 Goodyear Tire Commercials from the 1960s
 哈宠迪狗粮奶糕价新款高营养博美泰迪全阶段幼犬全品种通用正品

________

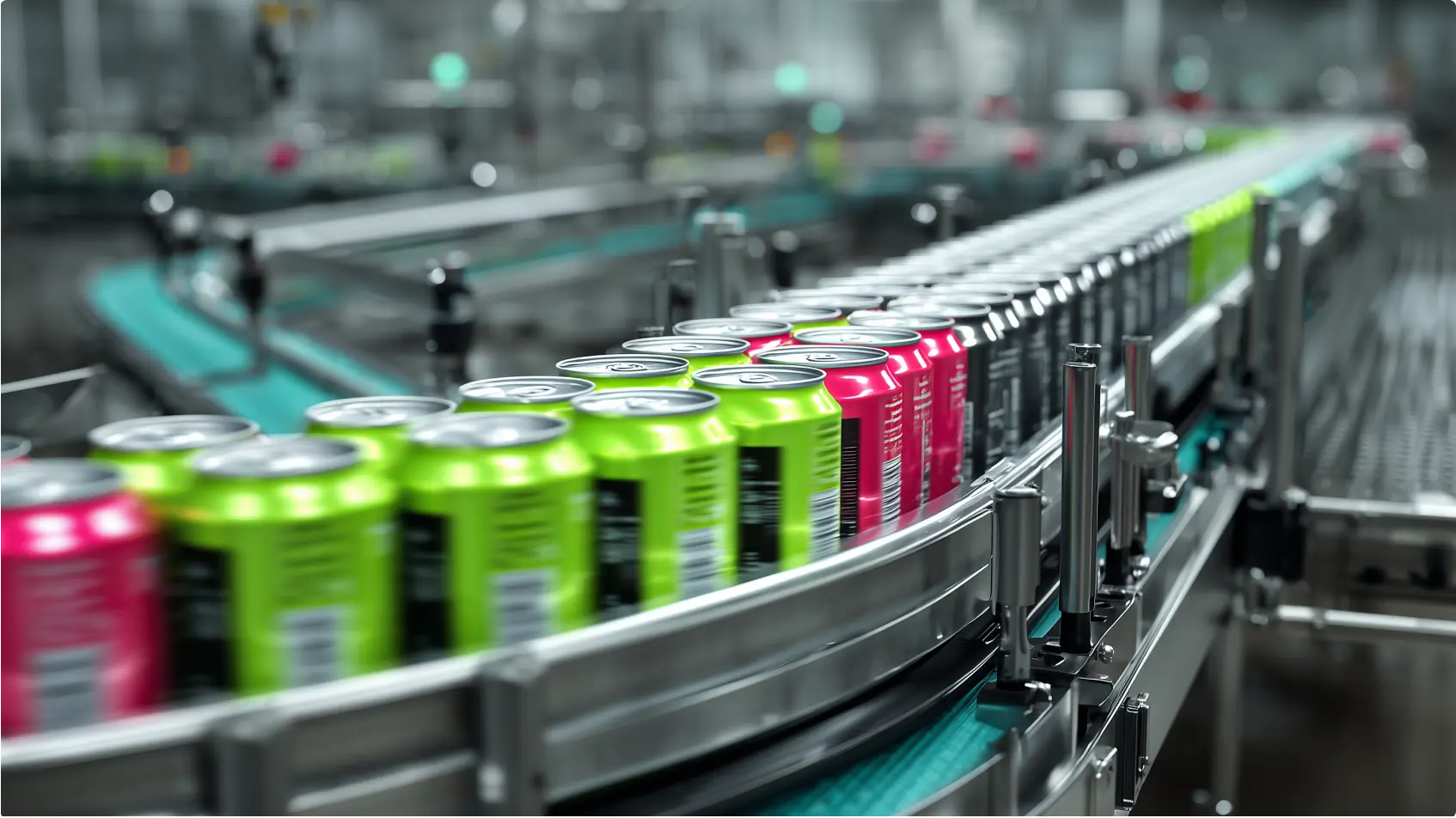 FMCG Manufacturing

________

* [What to do] Given the records above, return exactly the lines starting at the line containing "Goodyear Tire Commercials from the 1960s" and ending at the line containing "哈宠迪狗粮奶糕价新款高营养博美泰迪全阶段幼犬全品种通用正品", including both.

* [Task output]
 Goodyear Tire Commercials from the 1960s
 哈宠迪狗粮奶糕价新款高营养博美泰迪全阶段幼犬全品种通用正品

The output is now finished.